*THE DATA*.
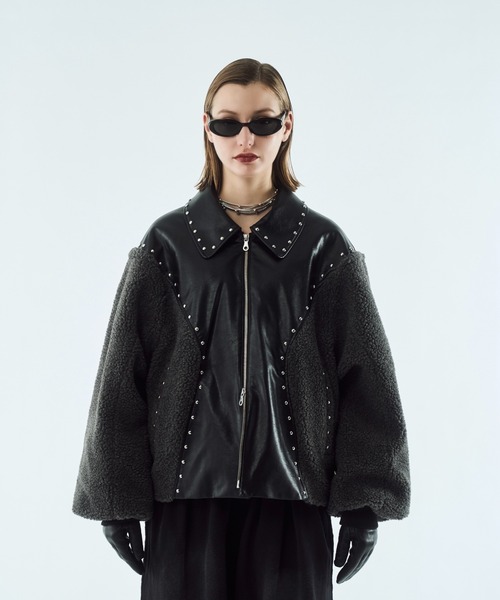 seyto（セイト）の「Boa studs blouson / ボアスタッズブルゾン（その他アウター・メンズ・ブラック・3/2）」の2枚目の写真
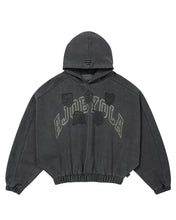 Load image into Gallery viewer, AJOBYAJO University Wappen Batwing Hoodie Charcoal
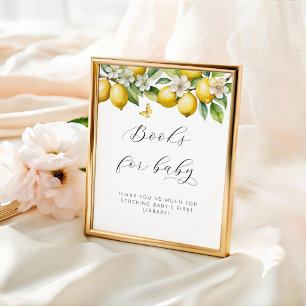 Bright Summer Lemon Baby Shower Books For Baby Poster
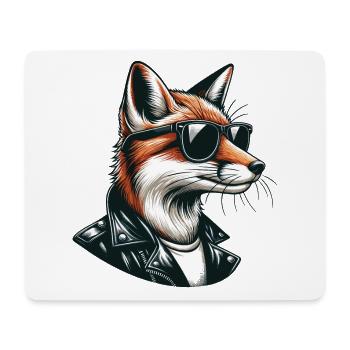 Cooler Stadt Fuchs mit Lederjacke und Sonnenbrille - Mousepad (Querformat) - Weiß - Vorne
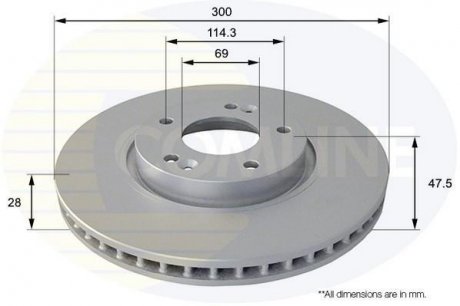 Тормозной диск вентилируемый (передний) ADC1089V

* * *

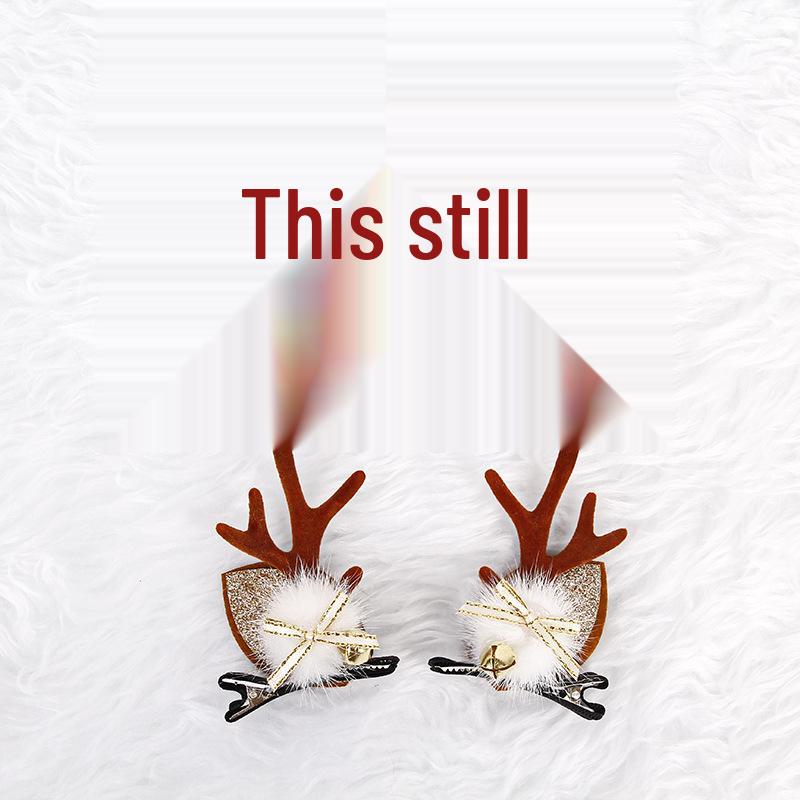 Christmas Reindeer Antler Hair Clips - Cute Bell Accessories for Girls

--

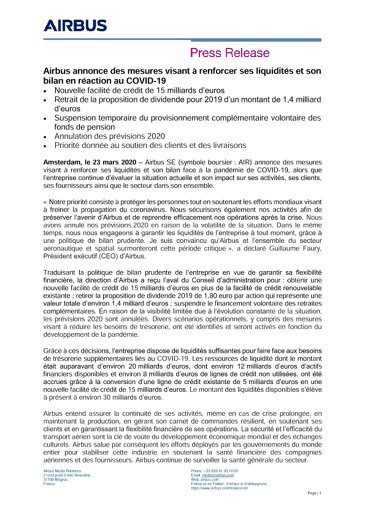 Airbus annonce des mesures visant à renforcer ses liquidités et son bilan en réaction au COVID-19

*PROBLEM TO WORK ON*.
The answer is the lines above from the one with "Bright Summer Lemon" to the one with "Тормозной диск вентилируемый", set down exactly, with no pictures.

*FINISHED EXERCISE*.
 Bright Summer Lemon Baby Shower Books For Baby Poster
 Cooler Stadt Fuchs mit Lederjacke und Sonnenbrille - Mousepad (Querformat) - Weiß - Vorne
 Тормозной диск вентилируемый (передний) ADC1089V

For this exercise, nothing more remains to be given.